Power of Attorney or PoA, in short, is a frequently heard term in the real estate parlance. This term has earned a bad reputation because of its wrong utilisation in the past. All of us have heard accounts where the innocent and gullible have been duped by many real estate transactions carried out under the garb of Power of Attorney.
However, when used rightly, Power of Attorney gives flexibility to either party for carrying out financial and business-related responsibilities, especially when any of them is living away or is incapacitated and cannot be physically present for the signing of papers.
Through this post, we aim to bring to you all that you should be aware of the Power of Attorney and the ways it could be used in a real estate transaction.
A Power of Attorney is a legal document which grants a person the right to act on behalf of someone else in a legally binding transaction. It could be used in the circumstances like facilitating banking transactions, entering into a contract with someone, real estate transactions, etc.
A power of attorney is granted to simplify and ease various transactions. In real estate, it is mainly used when one of the parties involved in the transaction is an NRI and cannot make trips to be a party to the transaction.
In legal terms, the person who grants the PoA is called the Principal, and the person who is allowed power to act is referred to as the Agent.
There are two types of PoA. Either of them can be used to facilitate a transaction depending upon the need of the hour.
General Power of Attorney (GPA): A general power of attorney allows greater control to the agent to carry out various tasks or discharge multiple responsibilities of the Principal. The general rights that are conferred on the Agent are mentioned in the document. A General Power of Attorney allows the Agent to represent the Principal in some transactions and is an ongoing agreement between the Principal and the Agent until revoked by the Principal.
Specific Power of Attorney: As against a GPA which allows the Agent to carry out a wide range of transactions on behalf of the Principal, a Specific Power of Attorney allows only one particular transaction or a specific set of actions involved in a transaction.
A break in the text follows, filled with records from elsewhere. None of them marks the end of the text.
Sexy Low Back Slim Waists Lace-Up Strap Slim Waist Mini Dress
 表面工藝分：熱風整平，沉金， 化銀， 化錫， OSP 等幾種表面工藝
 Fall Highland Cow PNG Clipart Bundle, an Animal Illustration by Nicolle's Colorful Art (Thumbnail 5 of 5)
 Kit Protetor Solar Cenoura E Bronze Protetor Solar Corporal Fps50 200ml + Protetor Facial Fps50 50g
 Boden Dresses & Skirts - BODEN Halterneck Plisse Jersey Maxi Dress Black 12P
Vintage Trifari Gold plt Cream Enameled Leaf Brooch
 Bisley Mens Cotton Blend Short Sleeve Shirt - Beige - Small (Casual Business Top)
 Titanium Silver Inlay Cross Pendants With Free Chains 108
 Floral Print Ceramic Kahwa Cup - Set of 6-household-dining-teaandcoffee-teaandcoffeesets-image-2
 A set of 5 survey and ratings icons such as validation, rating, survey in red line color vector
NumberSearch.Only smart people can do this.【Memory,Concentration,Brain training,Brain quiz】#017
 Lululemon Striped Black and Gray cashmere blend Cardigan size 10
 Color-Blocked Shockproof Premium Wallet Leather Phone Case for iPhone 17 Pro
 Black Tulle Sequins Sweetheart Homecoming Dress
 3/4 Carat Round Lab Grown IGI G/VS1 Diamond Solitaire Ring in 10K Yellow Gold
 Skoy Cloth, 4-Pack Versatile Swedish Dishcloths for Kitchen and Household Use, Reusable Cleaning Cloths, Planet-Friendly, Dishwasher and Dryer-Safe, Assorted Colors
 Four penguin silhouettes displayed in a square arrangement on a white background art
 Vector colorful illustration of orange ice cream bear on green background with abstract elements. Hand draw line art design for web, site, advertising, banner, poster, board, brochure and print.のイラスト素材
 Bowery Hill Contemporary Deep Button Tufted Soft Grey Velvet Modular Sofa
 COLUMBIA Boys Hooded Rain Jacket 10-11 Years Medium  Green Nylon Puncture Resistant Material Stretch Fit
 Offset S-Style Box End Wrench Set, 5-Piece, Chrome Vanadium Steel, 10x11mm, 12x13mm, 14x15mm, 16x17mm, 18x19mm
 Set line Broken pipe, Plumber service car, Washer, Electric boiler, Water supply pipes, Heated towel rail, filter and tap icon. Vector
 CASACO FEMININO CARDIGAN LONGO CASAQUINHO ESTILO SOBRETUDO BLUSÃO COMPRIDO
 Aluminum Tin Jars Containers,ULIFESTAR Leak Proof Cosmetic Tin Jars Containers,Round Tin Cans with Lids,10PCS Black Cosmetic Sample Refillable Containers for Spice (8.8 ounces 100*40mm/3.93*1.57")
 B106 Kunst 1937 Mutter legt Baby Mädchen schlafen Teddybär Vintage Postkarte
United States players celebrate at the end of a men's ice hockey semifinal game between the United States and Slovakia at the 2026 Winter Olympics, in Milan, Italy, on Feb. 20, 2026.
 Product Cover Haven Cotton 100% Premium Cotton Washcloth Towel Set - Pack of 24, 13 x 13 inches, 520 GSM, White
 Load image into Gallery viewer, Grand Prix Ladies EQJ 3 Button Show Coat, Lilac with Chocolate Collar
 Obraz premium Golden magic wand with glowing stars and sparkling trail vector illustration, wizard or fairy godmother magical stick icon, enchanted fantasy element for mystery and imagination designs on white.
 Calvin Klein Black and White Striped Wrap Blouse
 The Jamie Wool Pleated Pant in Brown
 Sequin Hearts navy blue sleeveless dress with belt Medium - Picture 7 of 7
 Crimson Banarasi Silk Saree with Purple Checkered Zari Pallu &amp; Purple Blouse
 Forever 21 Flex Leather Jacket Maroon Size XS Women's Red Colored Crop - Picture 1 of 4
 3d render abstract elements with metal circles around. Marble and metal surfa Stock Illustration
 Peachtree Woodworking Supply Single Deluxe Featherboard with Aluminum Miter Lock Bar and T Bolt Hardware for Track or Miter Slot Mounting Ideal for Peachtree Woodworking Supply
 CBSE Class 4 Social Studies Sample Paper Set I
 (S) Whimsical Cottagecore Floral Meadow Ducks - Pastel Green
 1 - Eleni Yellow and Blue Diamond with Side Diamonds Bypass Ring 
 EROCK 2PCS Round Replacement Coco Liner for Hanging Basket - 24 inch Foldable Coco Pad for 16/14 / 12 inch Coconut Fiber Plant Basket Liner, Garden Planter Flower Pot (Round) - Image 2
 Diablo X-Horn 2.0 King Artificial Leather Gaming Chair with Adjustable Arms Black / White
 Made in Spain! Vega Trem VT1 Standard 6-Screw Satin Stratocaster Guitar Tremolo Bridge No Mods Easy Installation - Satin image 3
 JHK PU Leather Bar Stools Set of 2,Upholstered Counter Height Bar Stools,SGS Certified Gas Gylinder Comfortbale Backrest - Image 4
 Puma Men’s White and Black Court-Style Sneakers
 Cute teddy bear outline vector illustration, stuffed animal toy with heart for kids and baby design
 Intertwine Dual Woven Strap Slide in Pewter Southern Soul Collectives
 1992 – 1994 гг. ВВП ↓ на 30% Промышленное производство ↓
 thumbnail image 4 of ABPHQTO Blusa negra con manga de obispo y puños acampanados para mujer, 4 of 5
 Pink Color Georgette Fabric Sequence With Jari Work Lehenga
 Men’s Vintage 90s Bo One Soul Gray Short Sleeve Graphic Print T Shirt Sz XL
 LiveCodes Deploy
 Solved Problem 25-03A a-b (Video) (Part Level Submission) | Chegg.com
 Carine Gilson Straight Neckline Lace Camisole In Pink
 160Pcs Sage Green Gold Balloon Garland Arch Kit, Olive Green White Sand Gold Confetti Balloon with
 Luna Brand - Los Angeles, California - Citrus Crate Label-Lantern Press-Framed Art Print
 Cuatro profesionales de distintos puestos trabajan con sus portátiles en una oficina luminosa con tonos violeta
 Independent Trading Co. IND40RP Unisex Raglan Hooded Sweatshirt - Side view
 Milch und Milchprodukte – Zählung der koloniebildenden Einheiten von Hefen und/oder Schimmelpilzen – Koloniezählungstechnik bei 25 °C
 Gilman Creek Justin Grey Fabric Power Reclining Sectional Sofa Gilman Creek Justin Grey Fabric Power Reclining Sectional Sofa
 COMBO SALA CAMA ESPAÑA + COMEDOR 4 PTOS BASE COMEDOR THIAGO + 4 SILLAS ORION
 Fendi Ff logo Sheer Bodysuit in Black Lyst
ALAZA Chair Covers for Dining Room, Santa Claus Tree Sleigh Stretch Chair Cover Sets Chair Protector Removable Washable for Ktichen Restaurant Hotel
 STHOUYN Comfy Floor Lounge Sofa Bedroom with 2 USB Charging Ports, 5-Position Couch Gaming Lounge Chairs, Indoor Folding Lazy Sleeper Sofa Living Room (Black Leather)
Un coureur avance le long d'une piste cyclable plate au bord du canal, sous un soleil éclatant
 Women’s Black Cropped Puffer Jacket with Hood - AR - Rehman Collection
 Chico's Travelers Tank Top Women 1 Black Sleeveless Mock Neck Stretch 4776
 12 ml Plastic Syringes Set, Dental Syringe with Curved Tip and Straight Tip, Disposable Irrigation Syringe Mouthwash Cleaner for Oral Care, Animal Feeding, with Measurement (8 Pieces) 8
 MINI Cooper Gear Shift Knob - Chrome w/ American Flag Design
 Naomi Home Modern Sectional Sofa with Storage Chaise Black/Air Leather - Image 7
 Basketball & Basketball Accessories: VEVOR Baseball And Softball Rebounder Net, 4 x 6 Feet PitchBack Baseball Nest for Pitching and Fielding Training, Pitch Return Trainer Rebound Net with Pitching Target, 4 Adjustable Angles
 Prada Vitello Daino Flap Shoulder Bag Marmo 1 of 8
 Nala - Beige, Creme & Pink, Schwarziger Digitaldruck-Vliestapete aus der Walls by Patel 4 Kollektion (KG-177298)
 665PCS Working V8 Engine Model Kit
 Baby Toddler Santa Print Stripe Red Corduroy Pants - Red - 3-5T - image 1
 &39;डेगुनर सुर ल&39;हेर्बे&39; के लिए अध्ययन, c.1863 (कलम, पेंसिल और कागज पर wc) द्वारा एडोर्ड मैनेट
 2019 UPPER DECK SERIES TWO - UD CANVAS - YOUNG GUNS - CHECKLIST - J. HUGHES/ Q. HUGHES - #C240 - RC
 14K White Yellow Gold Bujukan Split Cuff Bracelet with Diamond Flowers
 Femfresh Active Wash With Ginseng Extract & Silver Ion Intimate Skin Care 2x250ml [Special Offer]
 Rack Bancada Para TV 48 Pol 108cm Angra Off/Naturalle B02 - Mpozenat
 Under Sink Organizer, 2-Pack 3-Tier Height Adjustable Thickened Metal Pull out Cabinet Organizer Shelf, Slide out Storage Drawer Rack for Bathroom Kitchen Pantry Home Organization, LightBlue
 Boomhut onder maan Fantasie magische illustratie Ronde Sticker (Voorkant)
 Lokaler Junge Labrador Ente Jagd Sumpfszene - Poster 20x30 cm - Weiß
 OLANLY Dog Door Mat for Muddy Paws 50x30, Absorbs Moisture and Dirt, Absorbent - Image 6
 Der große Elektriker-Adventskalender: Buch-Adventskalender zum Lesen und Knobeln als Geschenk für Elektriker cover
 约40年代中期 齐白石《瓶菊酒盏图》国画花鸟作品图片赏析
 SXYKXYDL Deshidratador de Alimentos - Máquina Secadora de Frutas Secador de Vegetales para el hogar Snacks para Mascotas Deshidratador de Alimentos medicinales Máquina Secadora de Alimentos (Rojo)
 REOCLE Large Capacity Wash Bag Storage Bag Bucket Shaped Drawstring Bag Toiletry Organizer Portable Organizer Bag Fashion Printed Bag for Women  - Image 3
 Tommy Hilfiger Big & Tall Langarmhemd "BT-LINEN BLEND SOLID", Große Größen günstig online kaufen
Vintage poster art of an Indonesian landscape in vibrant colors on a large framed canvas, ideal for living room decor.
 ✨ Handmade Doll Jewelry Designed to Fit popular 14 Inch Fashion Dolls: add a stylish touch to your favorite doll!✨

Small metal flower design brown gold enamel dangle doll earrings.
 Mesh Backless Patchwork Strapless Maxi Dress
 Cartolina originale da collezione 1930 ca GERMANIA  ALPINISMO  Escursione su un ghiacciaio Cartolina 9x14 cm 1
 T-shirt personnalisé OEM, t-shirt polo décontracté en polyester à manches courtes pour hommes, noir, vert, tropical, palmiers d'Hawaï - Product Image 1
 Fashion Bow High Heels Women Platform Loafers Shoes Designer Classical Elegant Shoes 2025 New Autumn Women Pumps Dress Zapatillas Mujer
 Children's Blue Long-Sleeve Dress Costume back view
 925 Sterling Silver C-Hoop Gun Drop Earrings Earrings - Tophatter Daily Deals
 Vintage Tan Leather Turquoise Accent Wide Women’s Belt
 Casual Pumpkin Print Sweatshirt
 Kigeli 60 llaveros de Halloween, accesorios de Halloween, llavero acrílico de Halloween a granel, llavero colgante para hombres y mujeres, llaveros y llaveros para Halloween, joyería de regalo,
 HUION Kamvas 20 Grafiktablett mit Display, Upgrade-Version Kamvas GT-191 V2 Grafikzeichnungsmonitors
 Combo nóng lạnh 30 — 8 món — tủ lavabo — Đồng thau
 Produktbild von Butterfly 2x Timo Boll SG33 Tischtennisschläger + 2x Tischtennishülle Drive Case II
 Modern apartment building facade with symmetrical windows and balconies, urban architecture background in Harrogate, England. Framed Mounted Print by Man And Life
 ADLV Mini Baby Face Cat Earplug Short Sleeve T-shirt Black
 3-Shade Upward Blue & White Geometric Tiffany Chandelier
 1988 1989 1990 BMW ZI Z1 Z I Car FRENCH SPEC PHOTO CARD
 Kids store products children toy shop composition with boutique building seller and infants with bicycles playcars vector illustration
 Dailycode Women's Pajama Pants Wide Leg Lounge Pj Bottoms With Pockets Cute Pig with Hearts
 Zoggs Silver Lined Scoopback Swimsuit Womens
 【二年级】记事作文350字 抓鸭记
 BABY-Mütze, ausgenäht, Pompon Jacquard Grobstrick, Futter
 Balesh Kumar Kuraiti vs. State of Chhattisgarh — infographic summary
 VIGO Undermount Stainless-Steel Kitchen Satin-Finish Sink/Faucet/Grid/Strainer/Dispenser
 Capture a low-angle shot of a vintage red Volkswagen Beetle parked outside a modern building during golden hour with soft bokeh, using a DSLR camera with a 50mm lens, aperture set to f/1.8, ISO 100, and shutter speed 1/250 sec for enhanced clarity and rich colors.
There are various ways of authenticating a PoA
Notarisation of PoA
Though it is not mandatory, PoA can be notarised. Experts advise that PoA document is notarised in the best interests of the parties involved.
PoA executed abroad
As it is widely used in real estate transactions involving individuals residing outside of India, there have been certain instances where notaries of other countries have been allowed to notarise the PoA. However, to avoid ambiguities, it is recommended that a representative of the Indian Government / Indian Vice-Consul or the Indian Consul certifies the document instead of other notaries.
Registration of PoA
Indian Law requires that if both the Principal and the Agent are residents of India, then the PoA must be registered at the Sub-Registrar’s office. This clause is done away with if the Principal is residing abroad, is physically infirmed, in Jail or exempted by law for personal appearance.
Following the rampant misuse of Power of Attorney, the Supreme Court banned registration of property sold under PoA. This instrument that allows an agent right to carry out transactions for business / financial transactions was not a valid document for transfer of property. As it involved lesser payment of duties and taxes, this became a widely used practice in real estate transactions.
However, later in the year 2012, the Delhi Government allowed GPA transactions involving certain categories like GPAs in favour of children, siblings, spouse, relatives or person of trust by registered owners.
This is a very relevant point to be kept in mind while doing a real estate transaction. Also, it will be difficult for you to manage loan for your property if the sale has been made under GPA, as it doesn’t give you a clear title to the property.
However, GPA can be used by an agent to manage the estate of his/her principal, collect rent, pay utility bills and act on the principal’s behalf for home loan related transactions.